Feb. 17, 2000
Statement of Public Citizen President Joan Claybrook
on NHTSA’ s Advanced Air Bag Rule
The National Highway Traffic Safety Administration is on the verge of making a decision that will be critical to the safety of millions of motorists. By March 1, the agency is required by law to issue a new air bag standard to protect belted and unbelted occupants of all sizes while minimizing the risks to infants, children and other occupants from injuries and deaths caused by air bags.
Today we would like to correct the misleading and self-serving information that the automobile industry has been peddling to the public and to the Clinton administration. Some of misinformation was contained in full-page ads costing $50,000 that have been running this week in the Washington Post.
First, I’d like to say something about the industry’s campaign. They have corralled a number of non-profit groups to attend top level meetings or be listed in ads. The industry has tried to convey the impression most safety groups support their position. But virtually all of these groups receive funding from the auto industry. The consumer and safety groups you see here today are the ones who have been working on this issue for years and are completely independent of the auto industry.
The major issue the auto companies have raised is that there is a trade-off: a standard that results in air bag systems that save drivers and passengers from serious injuries and death in high-speed crashes could at the same time endanger children and small adults in such crashes. The crash test is the determining factor. Should the crash test be conducted at 30 miles per hour or at 25 miles per hour, as the industry wants? This is a vital question, because it will determine whether the automakers install advanced, sophisticated air bag technology or whether they stick with cheap, low-tech air bags that will be less protective in higher-speed crashes. (In 1984 GM told DOT it could meet a 25 mph with friendly interiors, and without air bags.)
As we have seen in issue after issue for decades now, the automakers have bobbed and weaved to avoid meeting a challenging air bag standard and to save costs. In this rulemaking, it’s the 25 mph crash test. If the 25 mph test is used, air bags could be produced that would not protect occupants in serious crashes.
I cannot overstate the importance of this decision. Lives are literally at stake. The DOT recently estimated that somewhere between 214 and 397 lives will be lost each year in a passenger fleet designed to meet a 25 mph test as opposed to a 30 mph test. We must have the safest standard possible. And we believe that only the 30 mph crash test will provide that.
The auto industry has not provided any data to back up its position.
Yet there is plenty of real world experience with 80 million vehicles made between 1987 and 1999 with air bags that meet a 30 mph test that have experienced 3 million inflations. If the automakers think vehicles meeting the 30 mph test are so dangerous, then they should immediately notify all owners and recall those cars.
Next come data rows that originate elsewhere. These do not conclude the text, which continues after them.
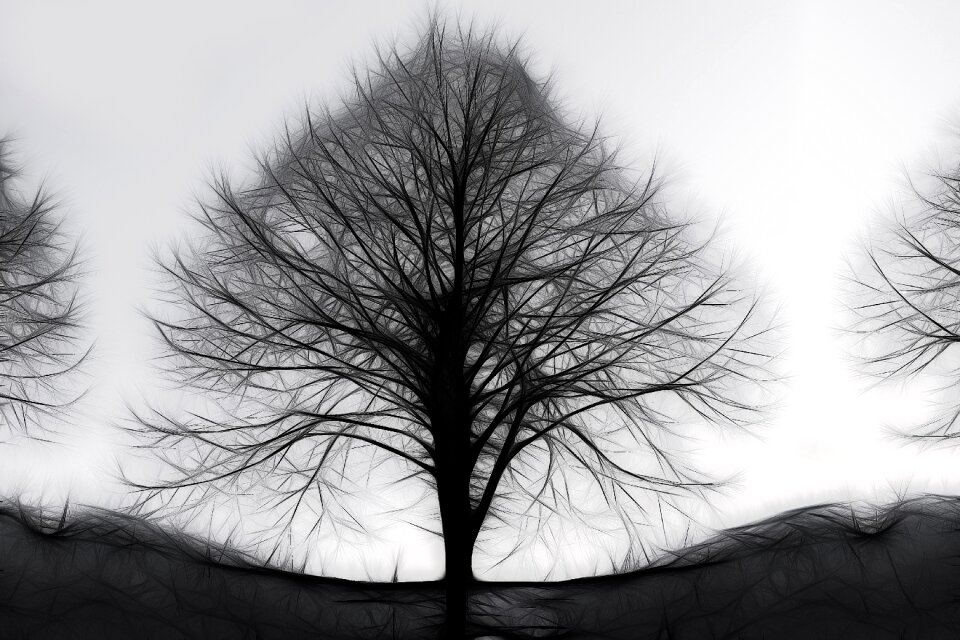 Abstract fractals lines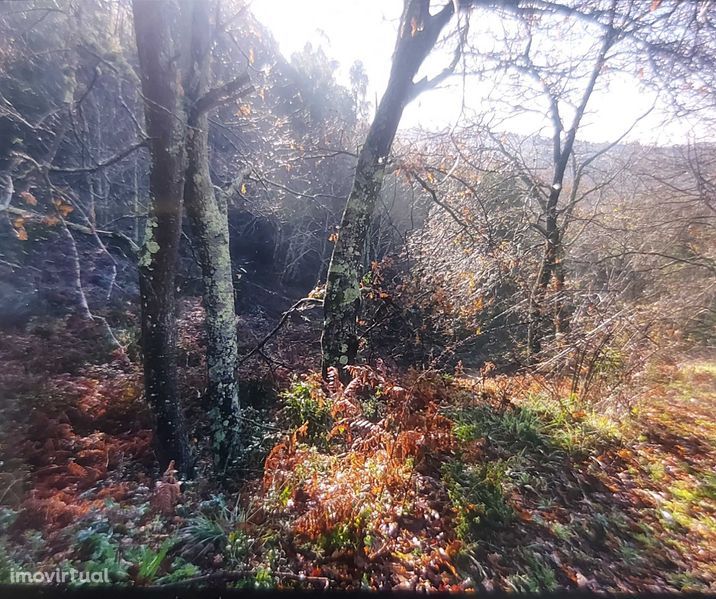 Terreno frente rio Douro com 7300 m2 perto da barragem de Crestuma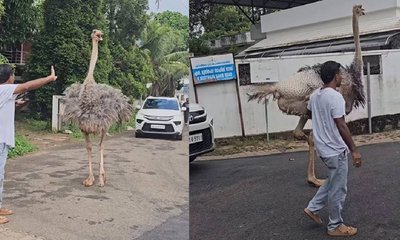ಟ್ರಾಫಿಕ್‌ ರೂಲ್ಸ್‌ ಫಾಲೋ ಮಾಡಿದ ಆಸ್ಪ್ರಿಚ್‌; ನೆಟ್ಟಿಗರು ಹೇಳಿದ್ದೇನು?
Yet, they have not done so.
In 1997, reacting to concerns about air bag deaths of children and small adults in low-speed crashes, automakers depowered air bags. The industry now claims air bags would have to be repowered to meet a 30 mph standard. Again, not true. Virtually all of the DOT crash tests of recent models with depowered air bags pass the 30 mph male unbelted crash test. And these vehicles do not yet contain the newer technologies available to meet the advanced air bag standard.
In addition, as DOT has emphasized, future compliance tests should be representative of real world crashes and now we have dramatically increased speeds. Over half of all fatalities occur in barrier equivalent crashes of 30 mph or above. This standard will not be revised again for years. And the industry has plenty of lead time under the rule.
There are numerous technologies available to manufacturers to protect smaller occupants in both low-speed and high-speed crashes without injury, such as dual-inflation air bags; inflation rates that are adjusted to the position of the occupant; pedal extenders for short drivers; deep dish steering columns, suppression, improved fold patterns, lighter fabrics and softer dashboard covers. And much more.
We have the technology to make safer air bag systems. Let’s not buy into the same old tired industry line. This time, let’s do it right.